[Start of section]
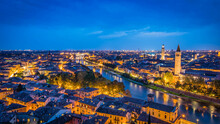Spectacular Night View Of Historic Verona Town With The Adige River, Brilliant City Lights And Deep Blue Sky Seen From Castle San Pietro In Verona, Italy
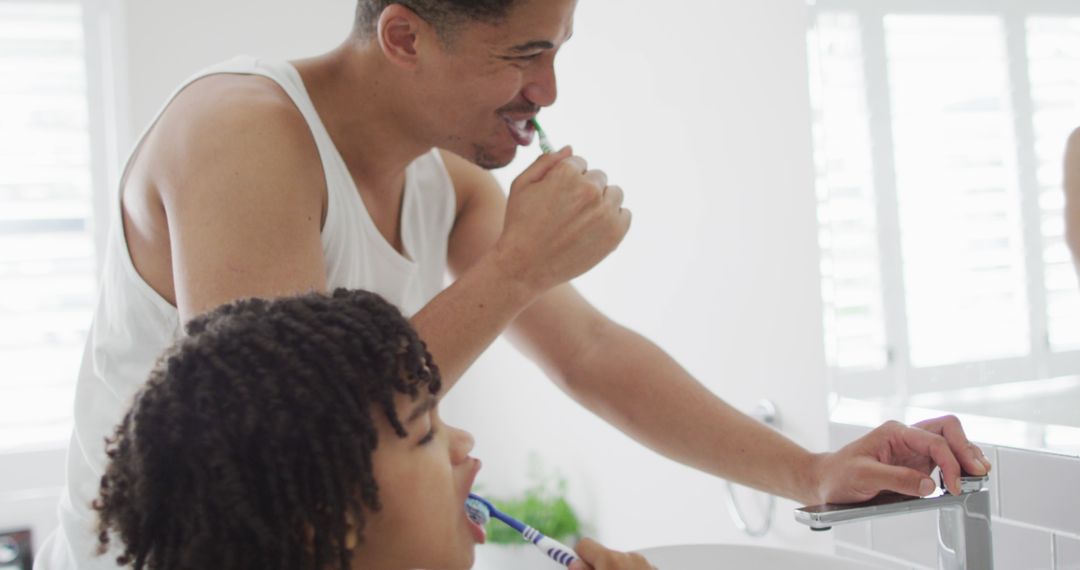 Father and Son Brushing Teeth Together in Morning Routine - Free Images, Stock Photos and Pictures on Pikwizard.com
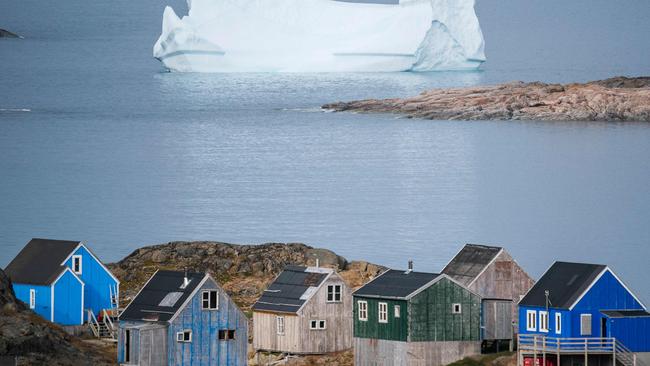 Icebergs float behind the town of Kulusuk in Greenland. (Photo by Jonathan NACKSTRAND / AFP)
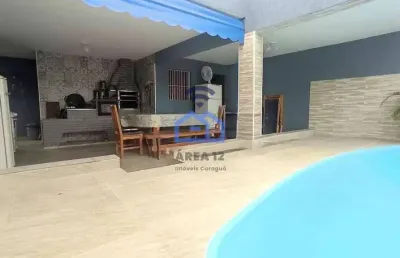 Casa com piscina e área gourmet à venda no bairro do indaiá em caraguatatuba, sp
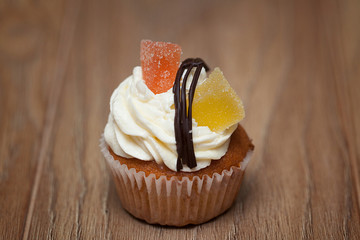 Homemade Chocolate Cupcake with chocolate frosting on wooden table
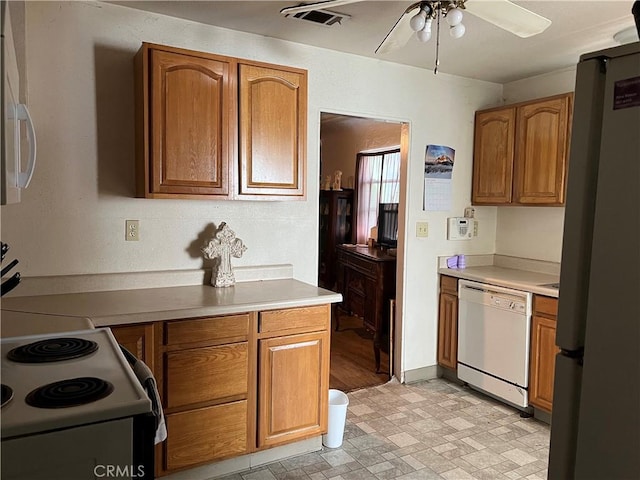 kitchen with range with electric stovetop, ceiling fan, stainless steel refrigerator, and white dishwasher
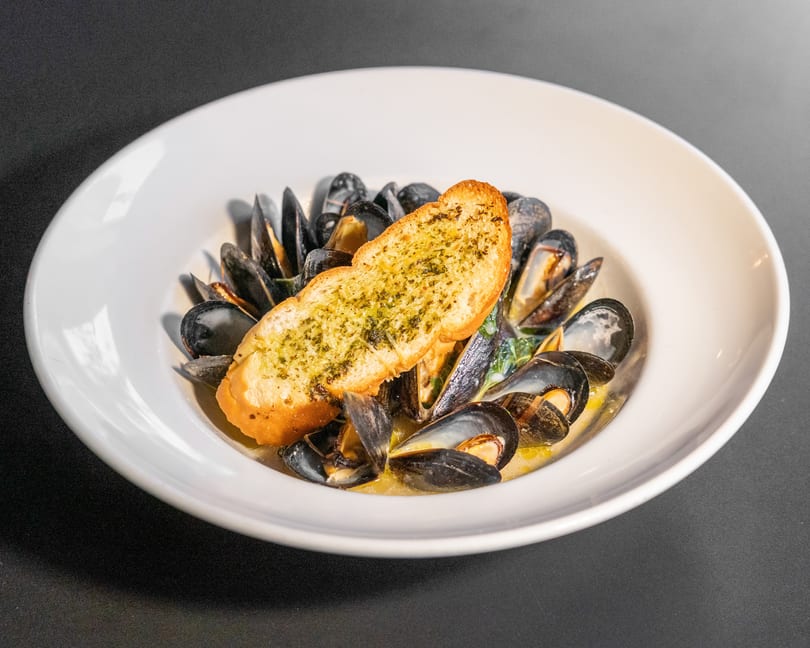 Steamed mussels in a white bowl with broth and a slice of garlic bread on top.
[End of section]
What you have to do: In your copy of the records, include no pictures; repeat everything else exactly.

Solution to the exercise:
Spectacular Night View Of Historic Verona Town With The Adige River, Brilliant City Lights And Deep Blue Sky Seen From Castle San Pietro In Verona, Italy
 Father and Son Brushing Teeth Together in Morning Routine - Free Images, Stock Photos and Pictures on Pikwizard.com
 Icebergs float behind the town of Kulusuk in Greenland. (Photo by Jonathan NACKSTRAND / AFP)
 Casa com piscina e área gourmet à venda no bairro do indaiá em caraguatatuba, sp
 Homemade Chocolate Cupcake with chocolate frosting on wooden table
 kitchen with range with electric stovetop, ceiling fan, stainless steel refrigerator, and white dishwasher
 Steamed mussels in a white bowl with broth and a slice of garlic bread on top.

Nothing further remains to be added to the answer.